【卒業研究報告】本学学生の卒業研究「ベビーリーフ、香辛料スパイスの血糖値変動への影響」についてオンライン報告会を実施

食農大の日常 2022.3.17

エスビー食品株式会社 開発生産グループ 中央研究所の3名の皆さんに、2021年度新潟食料農業大学フードコース4年生の田部 莉子さんの卒業研究「ベビーリーフ、香辛料スパイスの血糖値変動への影響」について、3月16日(水)にオンラインにて報告しました。

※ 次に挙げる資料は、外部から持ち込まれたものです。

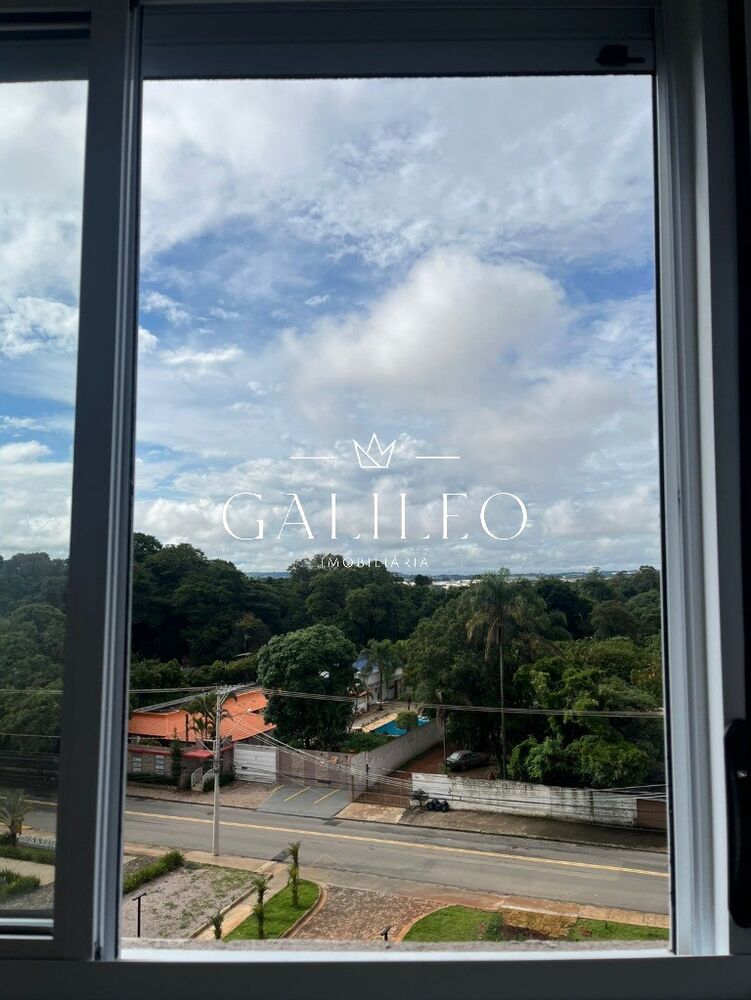 Apartamento à venda com 2 quartos, 67m² - Foto 8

本研究は、令和2年度、山崎香辛料振興財団の研究助成により準備・実施されたもので、そのご縁でエスビー食品さんより、ベビーリーフ等をご提供いただきました。オンライン説明会でも、この場でも感謝申し上げます。

なお、詳しい内容は研究結果が未発表のため、本記事では概要について紹介します。

質疑応答では、卒業生の田部さんに直接多くの質問が寄せられました。
佐竹研究所長からは「きれいなはっきりとしたデータを出してくださいましてありがとうございました。学生と教職員でピーク値が違っていましたが、年齢による影響でしょうか」「ベビーリーフを先に食べることで学生も教職員も血糖値の上昇が緩やかで、ピーク値が少ない有意なデータを見せていただき、群間比較をしたらもっと大きな有意差が出るのではないでしょうか」と質問があり、田部さんからは「先行研究でレタス・キャベツの50グラムで血糖値上昇を抑制できないことを示したデータがあり、150g必要という前例があったのですが、ベビーリーフ50gできれいなデータが出てよかったです。」と回答がありました。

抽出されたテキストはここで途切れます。